Records shown:
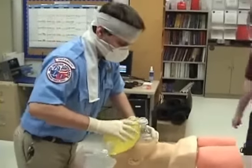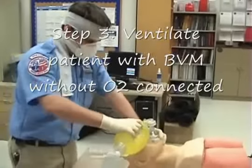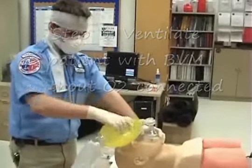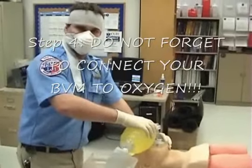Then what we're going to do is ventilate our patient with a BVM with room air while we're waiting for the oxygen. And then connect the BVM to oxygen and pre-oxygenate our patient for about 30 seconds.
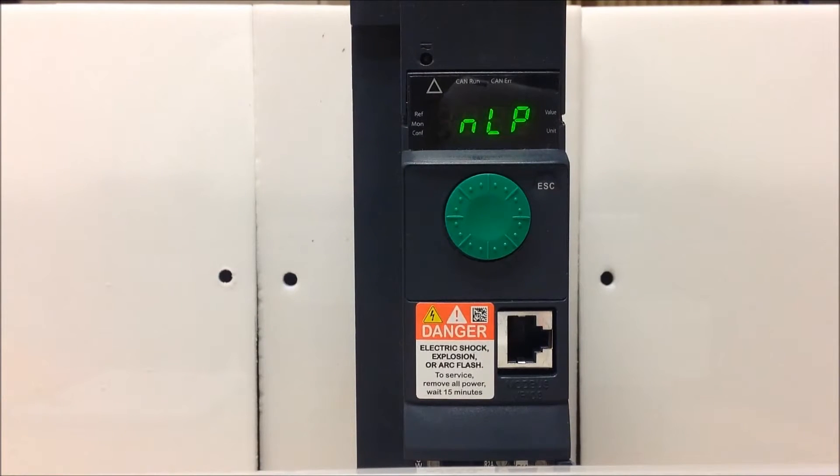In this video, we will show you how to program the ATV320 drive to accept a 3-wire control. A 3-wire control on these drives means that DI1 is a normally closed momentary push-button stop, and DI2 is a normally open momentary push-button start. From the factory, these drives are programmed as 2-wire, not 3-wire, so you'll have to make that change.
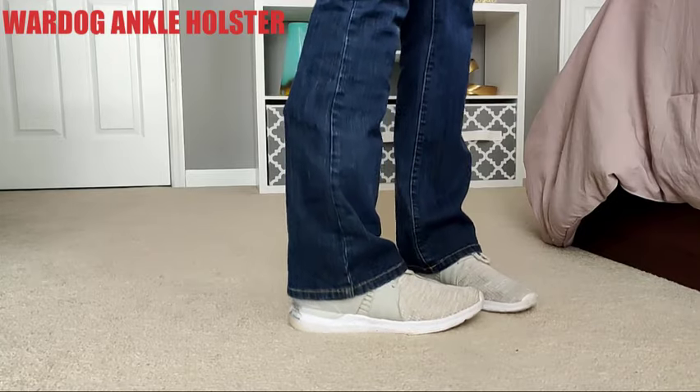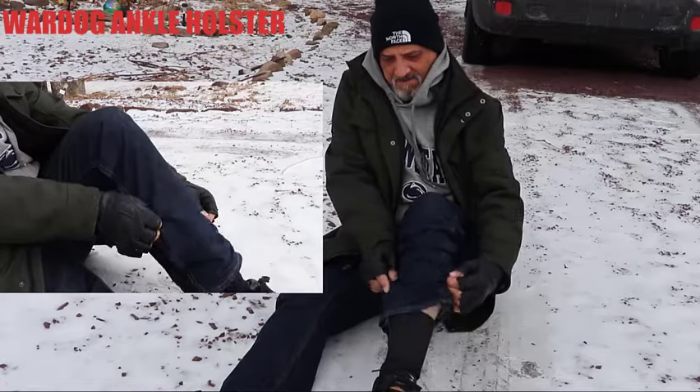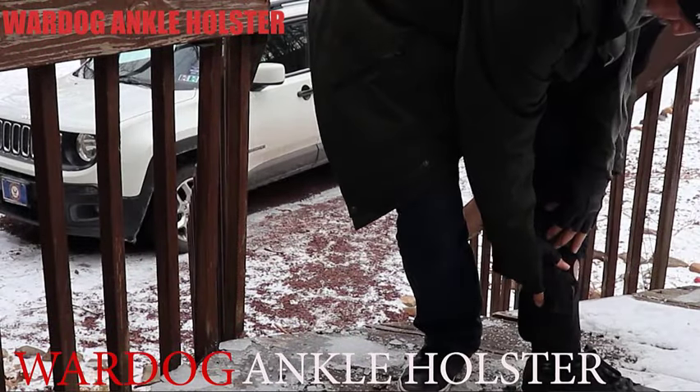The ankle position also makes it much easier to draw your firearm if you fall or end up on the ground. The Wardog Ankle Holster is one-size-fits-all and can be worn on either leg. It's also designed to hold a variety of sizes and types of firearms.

==

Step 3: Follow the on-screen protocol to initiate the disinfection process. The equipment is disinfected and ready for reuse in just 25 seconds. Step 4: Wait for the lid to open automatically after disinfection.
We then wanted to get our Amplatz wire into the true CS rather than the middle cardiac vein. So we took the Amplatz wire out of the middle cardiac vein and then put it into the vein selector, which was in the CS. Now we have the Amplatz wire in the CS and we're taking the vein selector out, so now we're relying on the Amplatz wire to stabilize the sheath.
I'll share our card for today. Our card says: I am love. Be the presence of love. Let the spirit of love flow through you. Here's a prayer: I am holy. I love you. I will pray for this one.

--

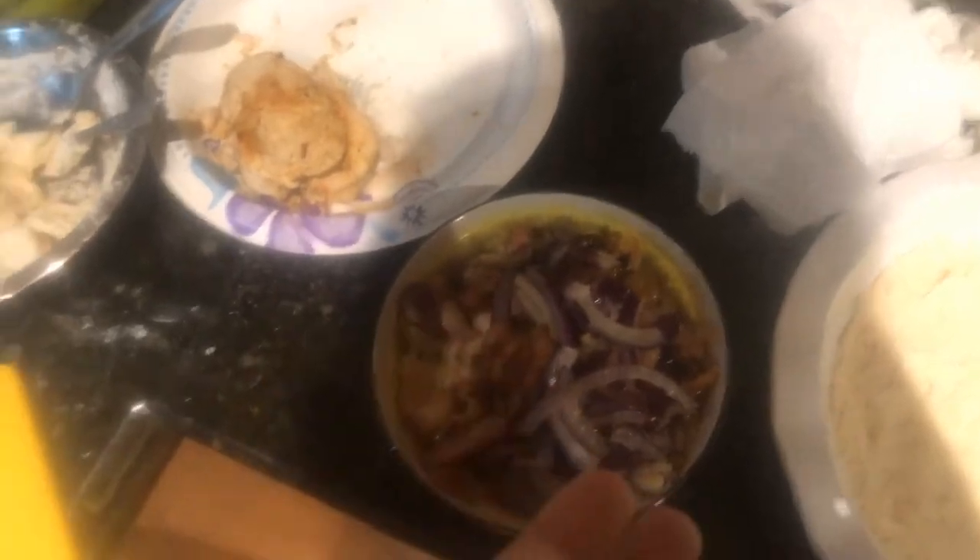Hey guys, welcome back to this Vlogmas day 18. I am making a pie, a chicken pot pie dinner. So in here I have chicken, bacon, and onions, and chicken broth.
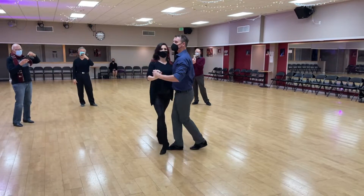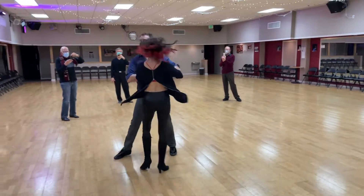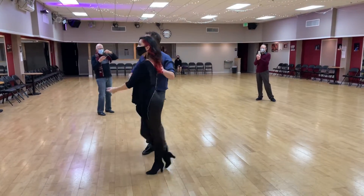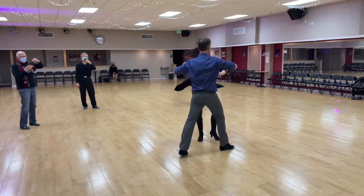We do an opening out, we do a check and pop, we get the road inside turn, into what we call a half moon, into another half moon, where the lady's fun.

What the exercise asks: Would you output only the span of the records above that opens with the line containing "Then what we're" and closes with the line containing "The ankle position", ends included and pictures dropped?

Solution to this exercise:
Then what we're going to do is ventilate our patient with a BVM with room air while we're waiting for the oxygen. And then connect the BVM to oxygen and pre-oxygenate our patient for about 30 seconds.
In this video, we will show you how to program the ATV320 drive to accept a 3-wire control. A 3-wire control on these drives means that DI1 is a normally closed momentary push-button stop, and DI2 is a normally open momentary push-button start. From the factory, these drives are programmed as 2-wire, not 3-wire, so you'll have to make that change.
The ankle position also makes it much easier to draw your firearm if you fall or end up on the ground. The Wardog Ankle Holster is one-size-fits-all and can be worn on either leg. It's also designed to hold a variety of sizes and types of firearms.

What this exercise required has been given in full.